■ What you are asked to do
Could you print the stretch of lines below from the one with "Обложка для переплета" through the one with "Women Long Black", exactly as they stand and without any pictures?

■ Entries provided
- - -
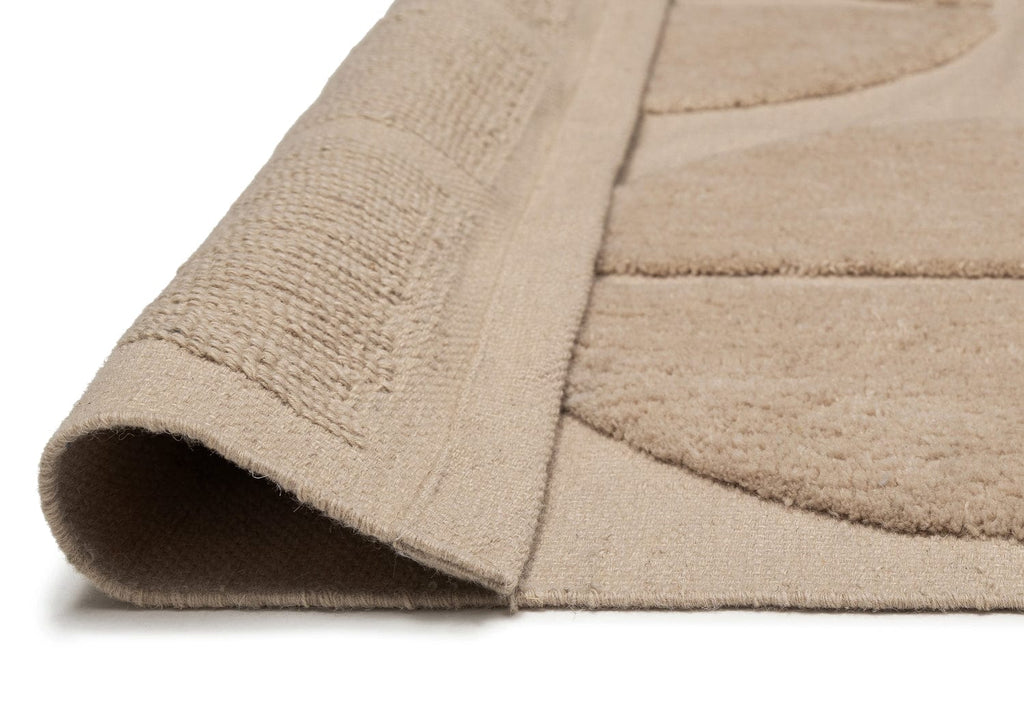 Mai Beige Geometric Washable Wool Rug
- - -
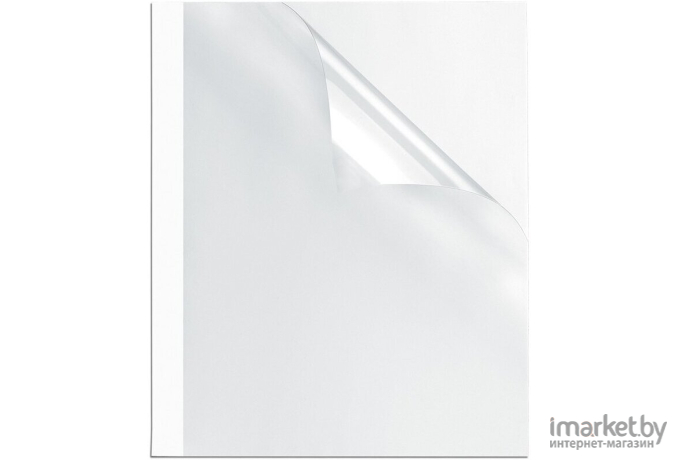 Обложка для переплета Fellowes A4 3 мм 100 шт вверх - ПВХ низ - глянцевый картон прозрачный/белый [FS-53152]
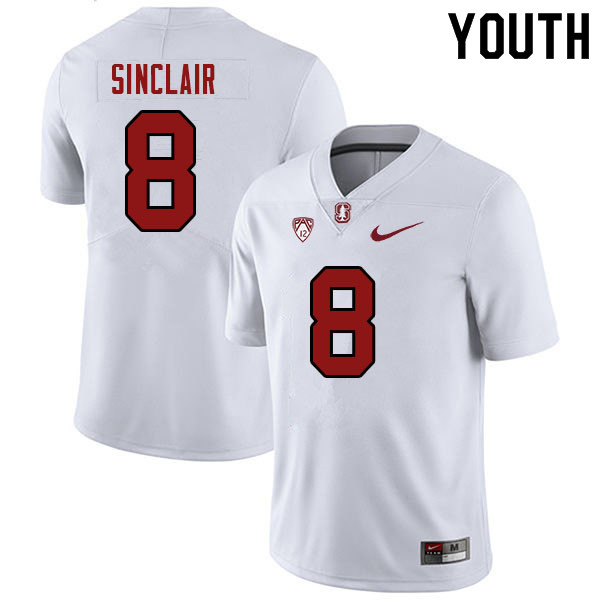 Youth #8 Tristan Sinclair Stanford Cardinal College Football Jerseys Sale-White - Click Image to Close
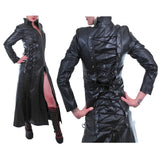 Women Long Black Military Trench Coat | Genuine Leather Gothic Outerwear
- - -
■ Task response
 Обложка для переплета Fellowes A4 3 мм 100 шт вверх - ПВХ низ - глянцевый картон прозрачный/белый [FS-53152]
 Youth #8 Tristan Sinclair Stanford Cardinal College Football Jerseys Sale-White - Click Image to Close
 Women Long Black Military Trench Coat | Genuine Leather Gothic Outerwear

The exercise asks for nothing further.